The priest is one of those great pillars that the Church has proportioned this indominable resistance, as has been Monsignor Silvio Baez; Monsignor Rolando Alvarez; Father Jose Idiaquez, rector of the Central American University; Monsignor Abelardo Mata; Father Harving Padilla; Monsignor Jorge Solorzao; Father Rodolfo Lopez, and so many others in different parishes.
These religious figures seem to multiply like loaves and fishes, following in the footsteps of Jesus Christ, that great combatant of injustices, tyrannies, and corruption, defender of the interests of a subjected people who can do nothing in the face of arbitrary rule.
That Jesus Christ who was taken out of the temple by the Pharisees at the service of the Herod court, who abuse power without a chance to wash their hands of their actions as Pilates did.
Whose side would Jesus Christ be on, in this struggle? It’s an unnecessary question since the reply is so obvious.
Nearly a year ago, I was in the Managua Cathedral at a talk from Monsignor Alvarez, in which he discussed what is expected of the Church. Going over the notes I never fail to take, this phrase stands out:
“The Church that Jesus Christ doesn’t want, is a Church that doesn’t criticize the unjust, that rubs elbows with the powerful, that abandons the weak, that shows fear. Jesus Christ doesn’t accept a corrupt Church that influences power, that negotiates or makes pacts, that holds closed-door sessions, that doesn’t lift its voice, that doesn’t assume its commitments to the common people. Jesus Christ expects a Church that demonstrates with its attitudes that it’s on the side of the unprotected; that it’s capable of denouncing the anomalies that others commit, as well as their own anomalies; that isn’t afraid of criticism; that recognizes its sins…”
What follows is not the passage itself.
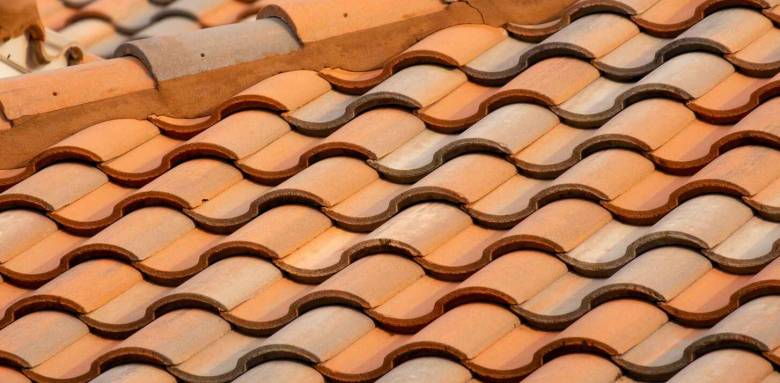 Toiture en briques rouges traditionnelles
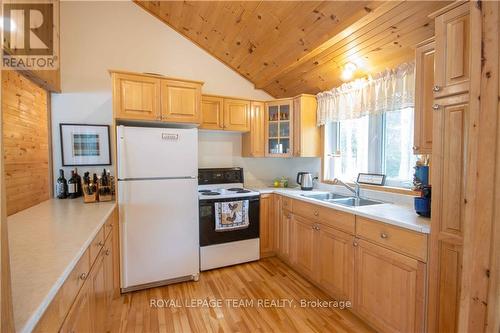 Lt1,443,Lt3 Weglarz Road, Madawaska Valley, ON - Indoor Photo Showing Kitchen With Double Sink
The ovation for this speech was as long as the hopes of all those present, and Father Edwin Roman has been walking the path of sacrifice, in the spirit of those phrases.
It’s the same path traced by Monsignor Arnulfo Romero, and the Jesuits who were brutally murdered in El Salvador; it’s the path of Father Luis Maria Ugalde in Venezuela, and of so many other combatants in a cassock, capable of taking all risks to fulfill their commitment.
Luckily for our rebellious youth and beyond the prevailing repression, there are many priests being multiplied at the edges of this effort unleashed with Spartan firmness. It was the presence of Father Edwin Roman and his disposition in the San Miguel Church that strengthened those mothers who’ve witnessed the struggle of their children to shape a different country.
A mass of kids extends unstoppably through the high school and university classrooms. The attitudes of all these priests, pillars of the patriotic resistance as great motivators, responds to the challenges traced by Monsignor Alvarez in the Managua Cathedral that morning. It’s the Church’s punch to the jaw of those who – even while abusing power and applying a disproportionate repression – don’t cause them to fear.